Matheus Rocha Pitta, Slab #70 (Twelfth Assault), 2016
Athena Contemporânea, Booth F 16
Brazilian artist Rocha Pitta has had a busy few years. Fresh off of a 2015 Delfina Foundation residency in London, he recently opened a solo exhibition, curated by the Guggenheim’s Pablo León de la Barra, at Casa França-Brasil in Rio de Janeiro. When this particular work popped up on de la Barra’s Instagram feed last week, little did we know that it was slated for Athena Contemporânea’s SP-Arte booth. Part of an ongoing series in which the artist embeds fragments from contemporary newspapers into concrete slabs, this piece shows a series of hands waving in the air, isolated from their original bodies. We’re left to wonder: Are they raised in celebration, or surrender? It’s this kind of thought-provoking ambiguity that bolsters Rocha Pitta’s entire body of work, which specializes in mining historical and contemporary media to shine light on our impending future.
Almandrade, untitled, 1999
Galeria Baró, Booth F 10
While lesser-known to an international audience, Almandrade (born Antônio Luiz M. Andrade) has recently been recognized in solo exhibitions—and on the South American fair circuit—as a pioneer of Brazilian visual poetry, a movement that took hold in the 1960s and ’70s. This elegant mid-career sculpture siphons the artist-cum-architect’s interests in visual language, constructivism, and minimalism into one very small, albeit arresting, form. We predict you’ll see more of Almandrade’s diverse body of work, which mingles early text-based ink drawings with more recent color- and line-driven paintings and sculptures, as post-war South American art continues to gain global traction.
Carla Chaim, Presença, 2015
Casa Nova Arte e Cultura Contemporanea, Booth B 08
Last year, after winning the Centro Cultural Banco de Brasil Contemporary Award, Chaim transformed the prize’s namesake São Paulo museum by swathing one of its galleries with a colossal graphite installation—and recording the arduous task in time-lapse videos. The gesture is part of the São Paulo-based artist’s performative practice, which tracks the ephemeral (and often invisible) nature of artistic process. At SP-Arte, evidence of her most recent experiments are on view, the most compelling of which is the video Presença.
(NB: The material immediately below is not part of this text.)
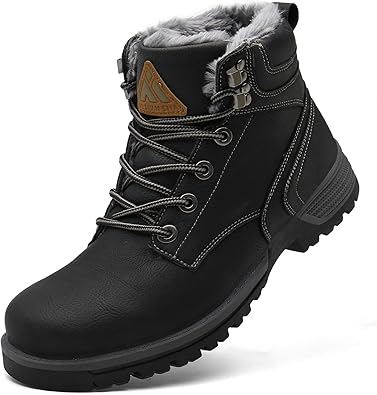 botas para invierno hombre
In it, Chaim applies strips of black tape to the walls of a small white gallery, only to reenter the room moments later to change the configuration of the tape—and likewise the perceived architecture of the room. It is a mesmerizing meditation on the power of the human hand to shape our surroundings.
Bruno Novelli, Untitled, 2016
Zipper Galeria, Booth J 03
Novelli’s paintings can feel like contemporary expressions of magical realism; his compositions embed construction bricks and new age healing crystals into lush tangles of flora and fauna. Here, the thirtysomething Brazilian painter layers palm fronds, mangrove stalks, geodes, and lapis obelisks with the precision of a digital collagist and the palette of a Mexican muralist.
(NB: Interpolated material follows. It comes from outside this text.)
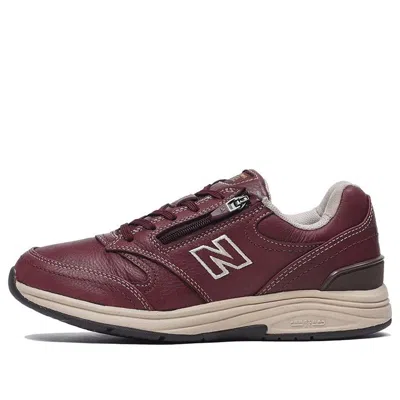 New Balance (wmns)  585 Series Sneakers Red In Burgundy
Przemek Pyszczek, Facade, 2016
Following Pyszczek’s recent solo exhibition at L.A.’s Nicodim Gallery, the gallery is carrying this momentum on to South America, where they’ll show his work at SP-Arte. This painting is part of a series inspired by the apartment block facades of Pyszczek’s native Poland, which he left for Canada as a young child. By fusing the hard-edged aesthetic of Soviet-era architecture with a buoyant primary palette, it explores the tensions between memory and reality, identity and displacement. These dichotomies inform Pyszczek’s entire body of work, and are driven home by sculptures that dot the booth: playground structures deconstructed and twisted into abstract, absurdist forms.
Victoria Fu, Belle Captive I, 2013
Simon Preston, Booth OP 08
After her inclusion in the 2014 Whitney Biennial, Fu’s transportive videos and installations have cropped up in museum and gallery exhibitions across the globe. For SP-Arte, Simon Preston presents a solo booth of the California-based artist’s work, which encompasses several of her most ambitious projects of the last five years. While the booth will debut a new and never-before-seen video, Untitled (2016), we have our eye on an edition of Belle Captive I, the very work that was projected onto the Whitney’s walls during the Biennial. The video, which spills across two screens, layers fragments of stock footage (women drinking water, children waving at the camera, lilies blossoming) over gauzy, pulsating gradients. The result is a mesmerizing, internet-age dreamscape, where advertisements and virtual identities mingle with escapism.
Thiago Rocha Pitta, The Green Mirage, 2016
Galeria Millan, Booth H 02
São Paulo-based artist Rocha Pitta—known for suspending the dynamism of natural forces in videos, sculptures, and even paintings—unveils a new, large-scale watercolor at the fair. In The Green Mirage, the artist captures the mind-bending effects of extreme desert heat. Here, the horizon line becomes the charged point of chemical reaction: Where the sandy foreground meets a cool blue sky, colors mix and bleed into one another, alluding to the phenomenal qualities of a mirage.
Humberto and Fernando Campana, Racket and Detonado Chair, 2014
Firma Casa, Booth DS 07
Firma Casa brings together a characteristically quirky group of the Campana Brothers’ recent works, the highlight being this eye-catching chair, which combines two of the designers-cum-artists’ ongoing series: “Racket,” pieces inspired by 19th-century chairs, and “Detonado,” elegant furniture cobbed together from patchwork wicker. This work continues the brothers’ exploration—and elevation—of everyday and discarded materials, always achieved with a refreshing dose of humor.
Ana Prata, Astrology Birth Chart, 2015
Galeria Millan, Booth H 02
Following solo exhibitions at nonprofits Kunsthalle São Paulo and La Maudite Paris in 2015, Prata’s work seems poised to enter the international stage—a prediction backed by her inclusion in the current three-person exhibition at London’s Pippy Houldsworth. This piece joins the ranks of Prata’s diverse group of paintings, which lift symbols and techniques from her painter-heroes (Paul Klee, Pablo Picasso, Sigmar Polke, and Francis Picabia, to name a few), then reconfigures them on her canvases. While the resulting compositions range in style, they host an encyclopedia of gestures that, while inspired by art history, have become distinctly Prata’s—small half moons that allude to the heavens, spindly palm trees that hint at paradise, and daubs of paint that stand in for movement and the passage of time.
Henri Chopin, Party. Men, 1975
Richard Saltoun, Booth SL 06
Chopin might be best remembered for swallowing a microphone to create his “poésie sonore” (French for “sound poetry”), which captured what the artist considered to be sound in its most pure, authentic state. An influential member of the French avant-garde in the 1950s and ’60s, Chopin also explored the elasticity of language in performances, paintings, films, and typewriter poems, a smattering of which are on view in Richard Saltoun’s SP-Arte booth. Here, Chopin used the era’s cutting-edge technology—the typewriter—to create an image from numbers, festooning it with the phrase “Party. Men” and, ominously, a found razorblade. Taking all of its parts together, the composition becomes an analogy for the malleability of language—words can be playful, powerful, even wounding.